However, GFW’s findings support a trend that has been alarming tropical conservationists. In recent years, fires appear to be increasingly spreading into nearby rainforests. In 2020, for instance, 41% of major fires in the Amazon occurred in standing rainforest.
Deforestation and climate change have degraded and dried tropical forests, making them more prone to burning. As such, fire-related tree cover loss in the tropics has increased by roughly 5% (36,000 hectares, or 89,000 acres) per year over the past 20 years, accounting for around 15% of the global total, according to GFW analysis.
The risk of fire in the tropics is also heightened by El Niño events, which occur every two to seven years as part of a normal climate cycle. Because the Pacific Ocean is such a big driver of global atmospheric circulation, El Niño essentially shifts patterns of rainfall across the tropics, creating drier conditions across certain areas and making them more vulnerable to fire.
Can we reverse the trend?
A report released this year by the U.N. Environment Programme (UNEP) and GRID-Arendal predicts a global increase of extreme fires of up to 14% by 2030 and 30% by the end of 2050.
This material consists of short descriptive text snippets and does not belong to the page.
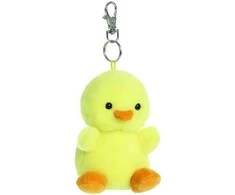 Aurora Palm Pals Chick plush keychain 10cm
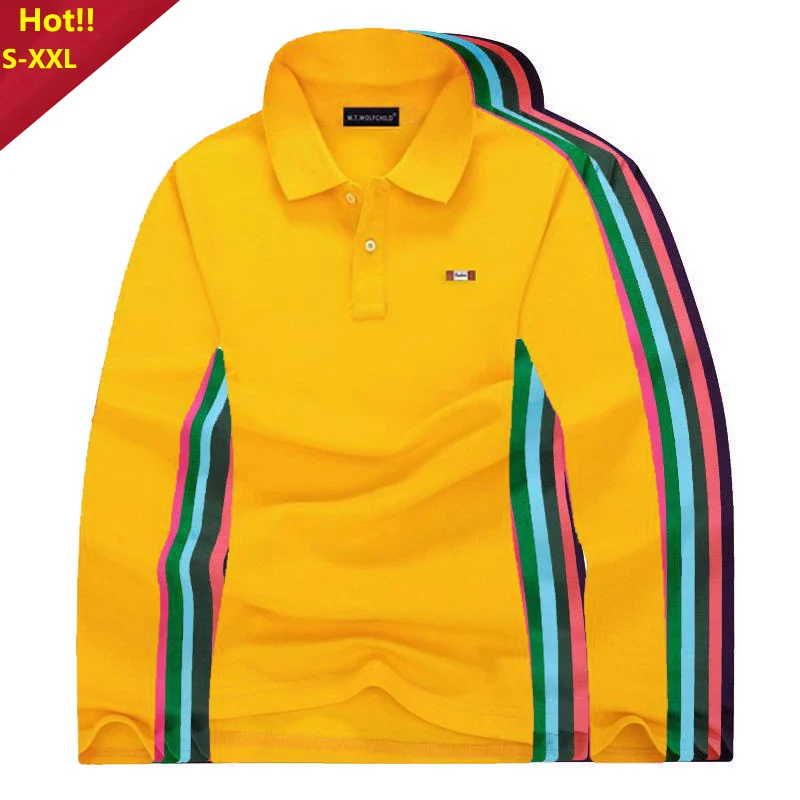 Женские футболки поло с длинным рукавом повседневные хлопковые однотонные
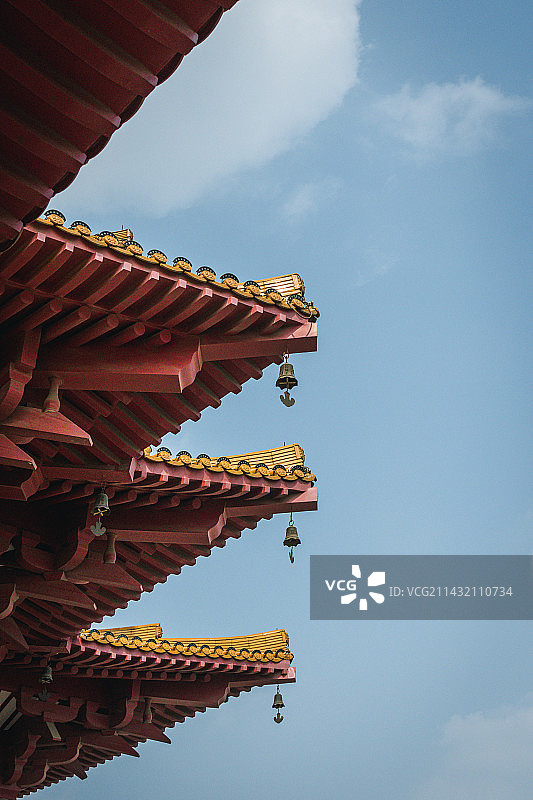 大相国寺资圣阁飞檐图片素材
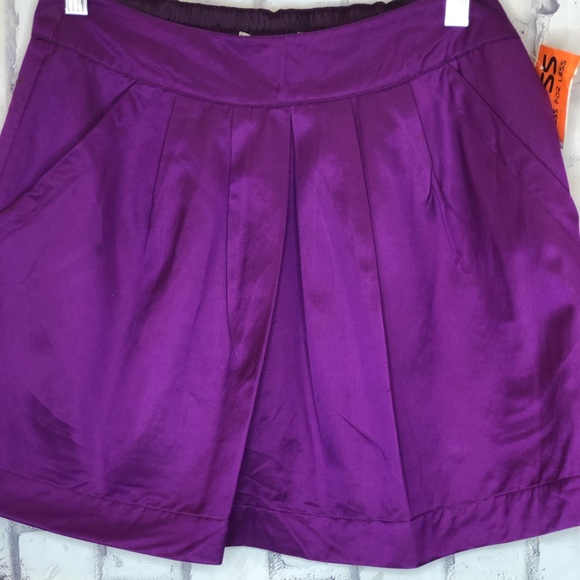 NWOT purple fossil mini skirt size XS - Picture 2 of 4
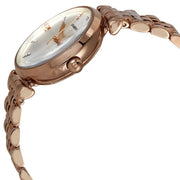  Shop Authentic Emporio Armani Gianni T-Bar Silver Dial Rose Gold Steel Strap Watch For Women - AR60023 - Luxxuri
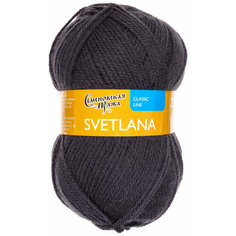 Пряжа Семеновская Svetlana (Светлана ПШ) графит(951), 50%шерсть/50%акрил, 250м, 100г, 3шт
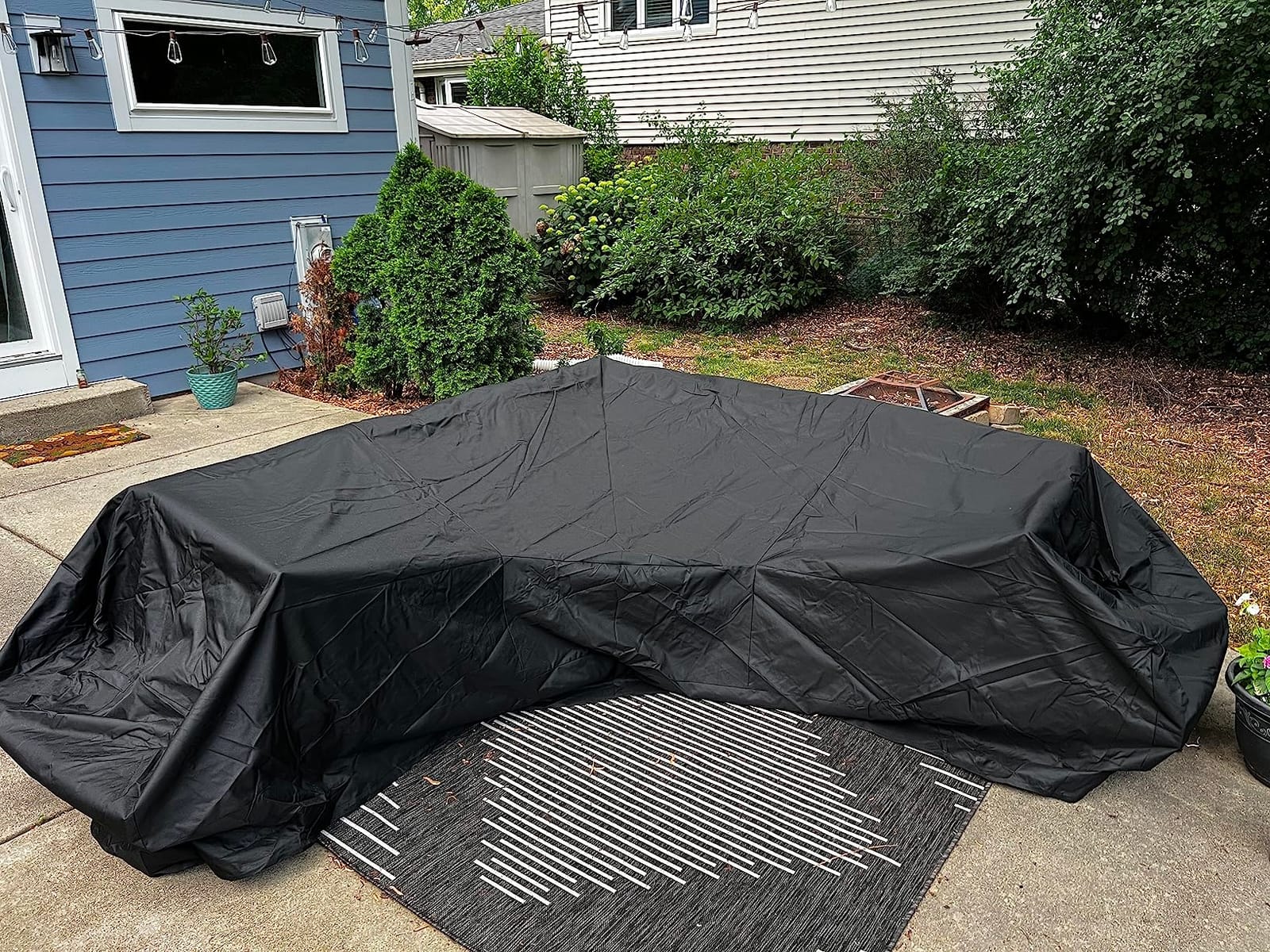 Easy-Going 600D Patio V-Shaped Sectional Sofa Cover 89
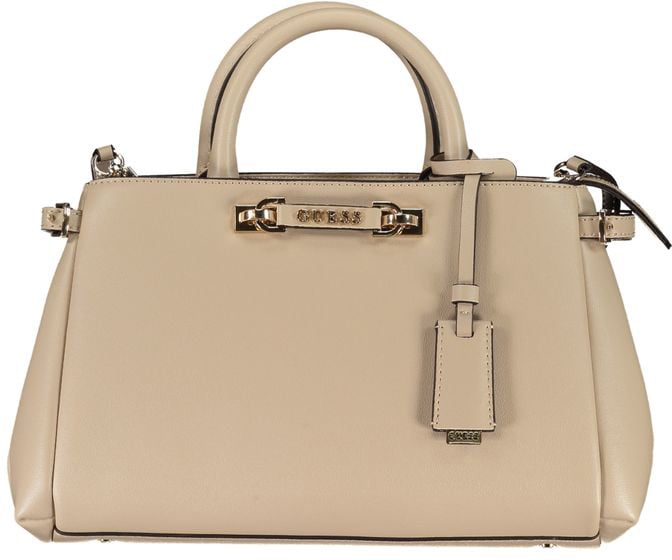 Guess Guess Jeans Beige Polyurethane Women Handbag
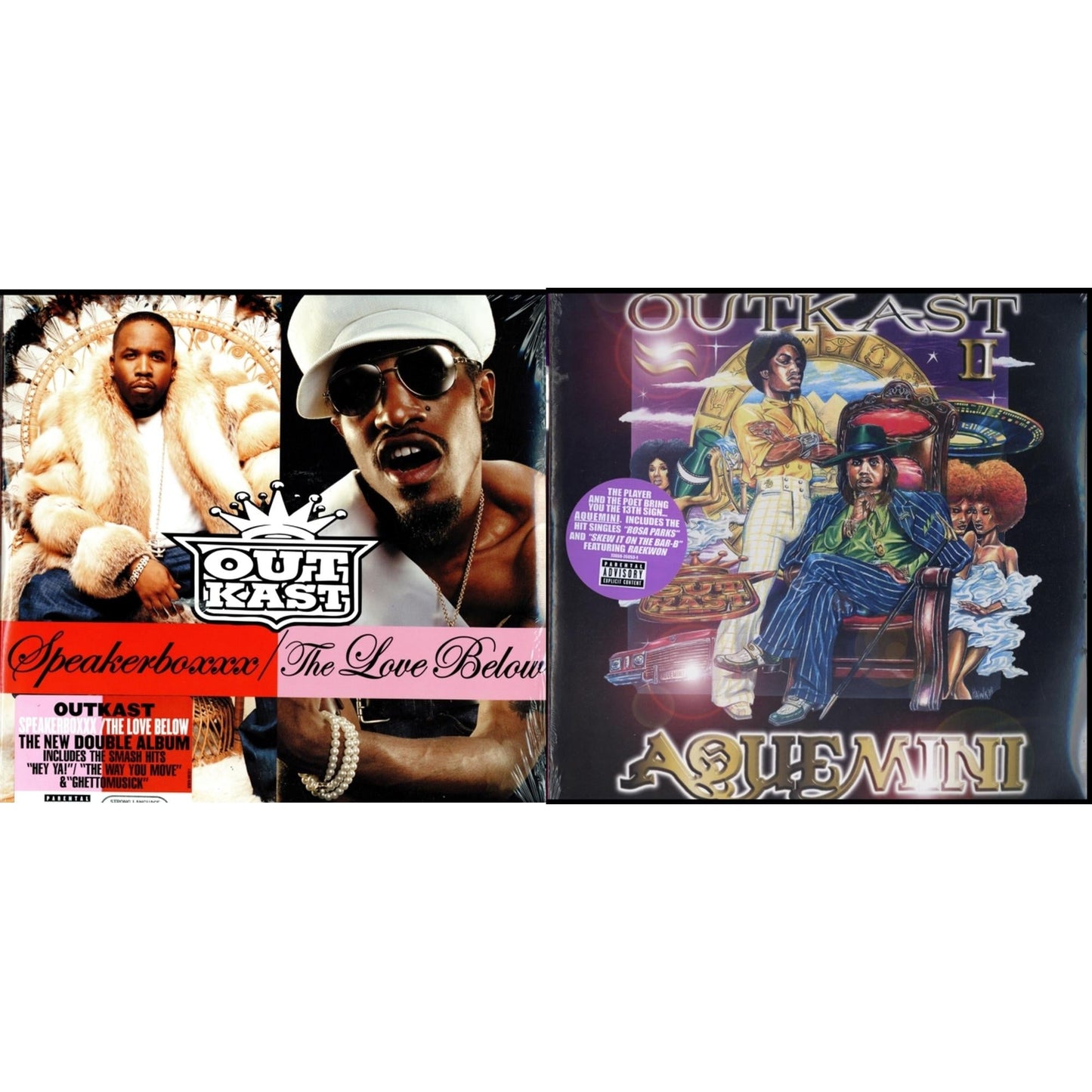 Outkast - Aquemini & Speakerboxxx / Love Below - LP Vinyl Bundle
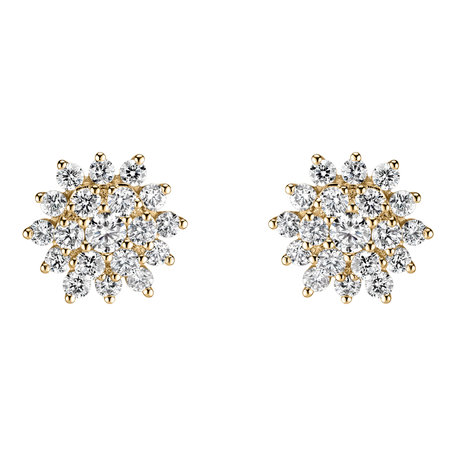 Diamond earrings Evening Sky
The report calls for a two-thirds increase in “spending devoted to planning, prevention, preparedness, and recovery, with one-third left for response.” At the moment, planning receives less than 1% of funding.
“Current government responses to wildfires are often putting money in the wrong place,” Inger Andersen, the UNEP executive director, said in a statement. “We have to minimize the risk of extreme wildfires by being better prepared: invest more in fire risk reduction, work with local communities, and strengthen global commitment to fight climate change.”
For example, Morton said, an El Niño event tends to drive conditions where fires are more likely in predictable places. “Those are the kinds of events that we understand and can anticipate.”
Although there is a wealth of information on how to manage and mitigate fires, “there is no ‘silver bullet’ solution,” analysts wrote in a World Resources Institute post, adding that strategies and priorities vary greatly by country and region.
Morton said data from fire monitoring platforms (such as GFW, NASA, MAAP, INPE, etc.) can aid these efforts, helping governments and agencies to predict and plan for fire prevention and response.
The global forest change dataset from the University of Maryland, Morton said, “is one of the most important contributions to our conversation around carbon storage and forested ecosystems and as a component of our strategy to combat climate change and increasing loss of forests from fire.”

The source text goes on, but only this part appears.